Given data.

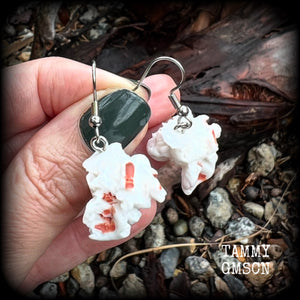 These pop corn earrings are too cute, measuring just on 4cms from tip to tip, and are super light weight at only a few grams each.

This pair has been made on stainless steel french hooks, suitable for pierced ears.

==

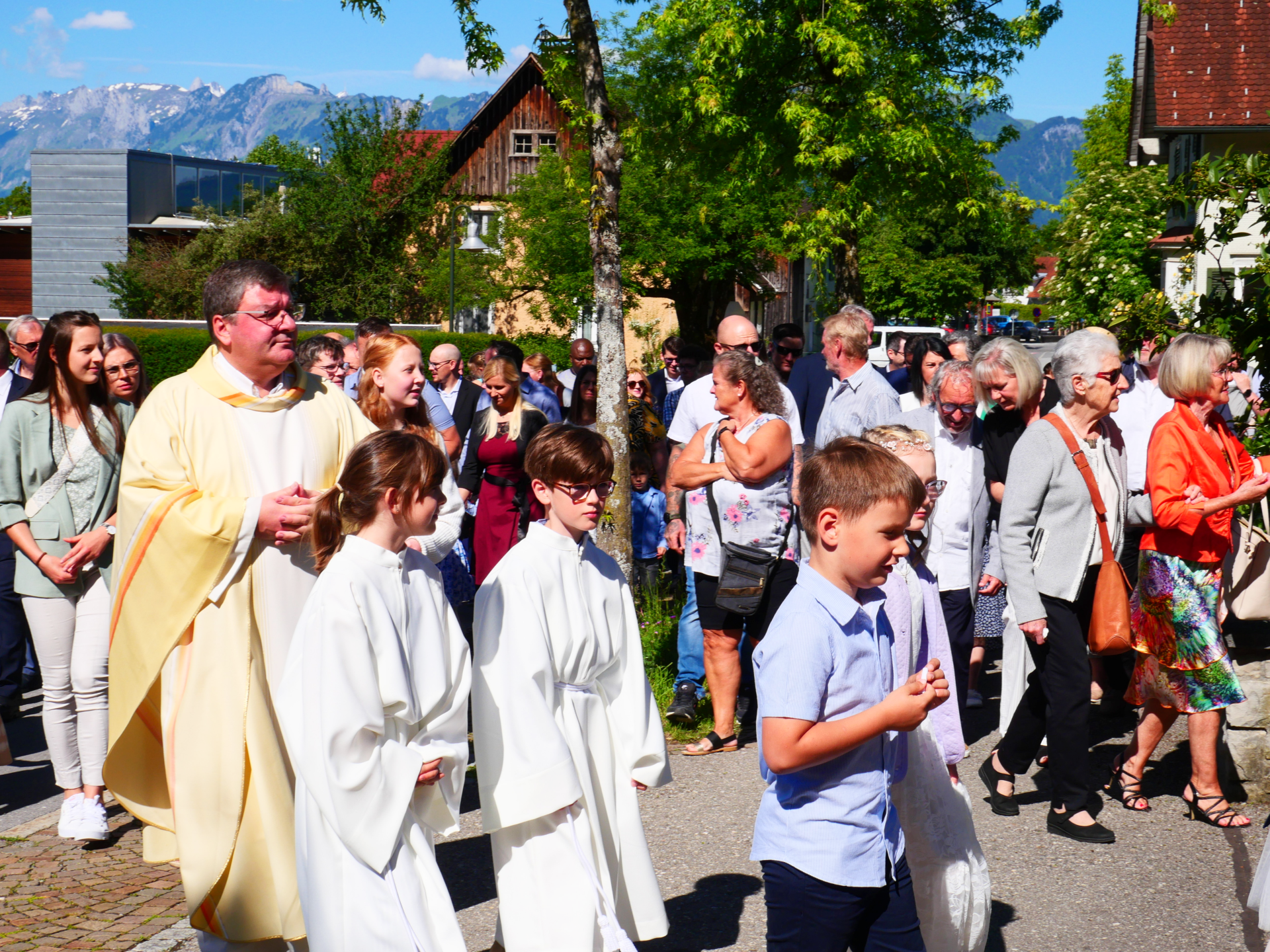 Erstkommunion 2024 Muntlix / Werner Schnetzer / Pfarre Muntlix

Exercise objective. Taking the entries above, extract every line from the one bearing "These pop corn" through the one bearing "This pair has", exactly, with no pictures.

Answer to this problem.
 These pop corn earrings are too cute, measuring just on 4cms from tip to tip, and are super light weight at only a few grams each.

This pair has been made on stainless steel french hooks, suitable for pierced ears.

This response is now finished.